Érase una vez un extraño
hombrecillo que moraba entre las sombras de una ciudad. Prefería la noche al
día y al alba, se acomodaba sobre los tejados más mullidos de la capital. La
gente, que no conocía nada de él acostumbraba a susurrar a su espalda
mientras el hombrecillo dormía, ajeno a los demás.
¡Pobre vagabundo! se lamentaban
los más bondadosos ¡Qué vida tan desgraciada tendrá!
A aquel extraño vecino le
acompañaba siempre un gato, lleno de tantas manchas que parecía vestido de
lunares, y ¡hasta unas botitas blancas parecía calzar!
Poco más poseía aquel hombre,
salvo una pequeña flauta que le alegraba las noches, mientras todos dormían y
él despertaba sin embargo, era el hombre más rico de la ciudad.
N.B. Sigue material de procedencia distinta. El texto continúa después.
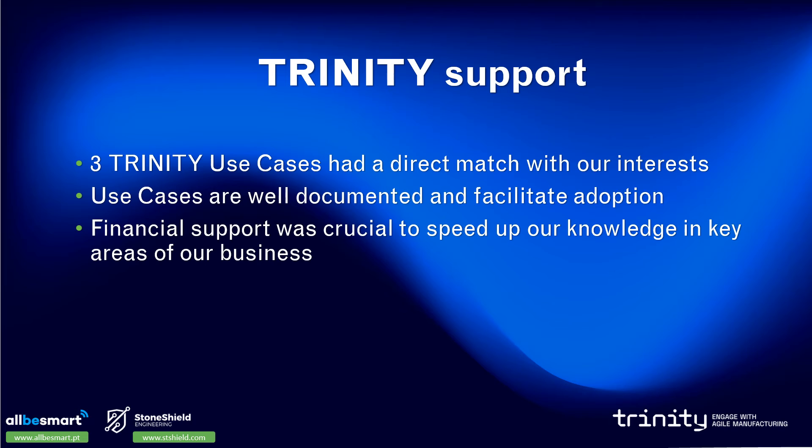Trinity was fundamental to the realization of the three Agile use cases. Our proposal was inspired by three Trinity use cases which had a direct match with our interests. The use cases were very well documented and facilitated our adoption of the technologies. The financial support was crucial to speed up our knowledge in key areas of our business.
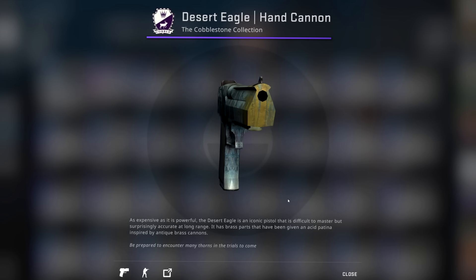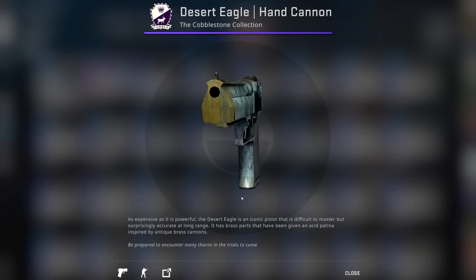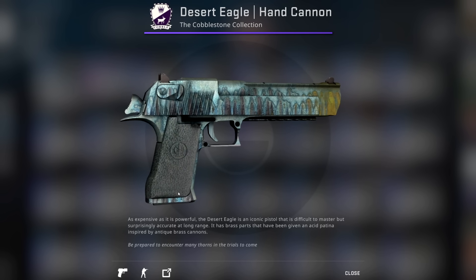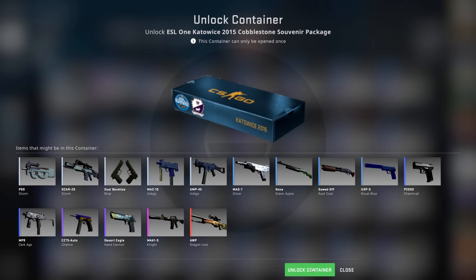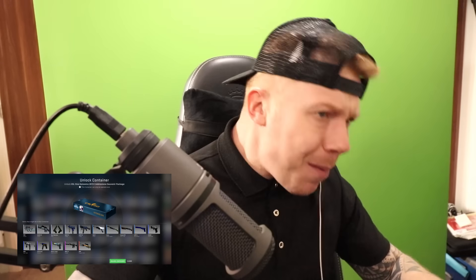I would like the Hand Cannon, but I don't choose what I get in the cases — only Gaben does. So let's open this case. It's two hundred dollars — do you know how much bog roll I can buy with that? Is that my doorbell? Let's open it, let's open this case, let's do it. Come on — one second, that's my doorbell.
Cuando la ciudad dormía todo se
tornaba de paz y tranquilidad por las calles y recovecos de aquel lugar. Solo
un pequeño hombrecillo y su gato de cien manchas, permanecían en aquel momento
con los ojos abiertos. Aquel vagabundo hacía entonces sonar
su flauta llenando las avenidas de alegría, color y magia. Sentado a los pies
de la mismísima luna, cada noche silbaba el músico al viento todas las melodías
que recordaba.
¡Qué dichoso y afortunado me
siento aquí sentado! comentaba a menudo el músico acariciando a su curioso y
pintoresco gato.
Arropadito por un buen manto de
estrellas, tocaba y tocaba sin darse cuenta la noche entera, y cuando todos
comenzaban a despertar volvía junto a su gato a buscar tejados mullidos donde
poder reposar.
Así una y otra vez hasta que
acabase el día, y la noche y la música tuviesen de nuevo lugar.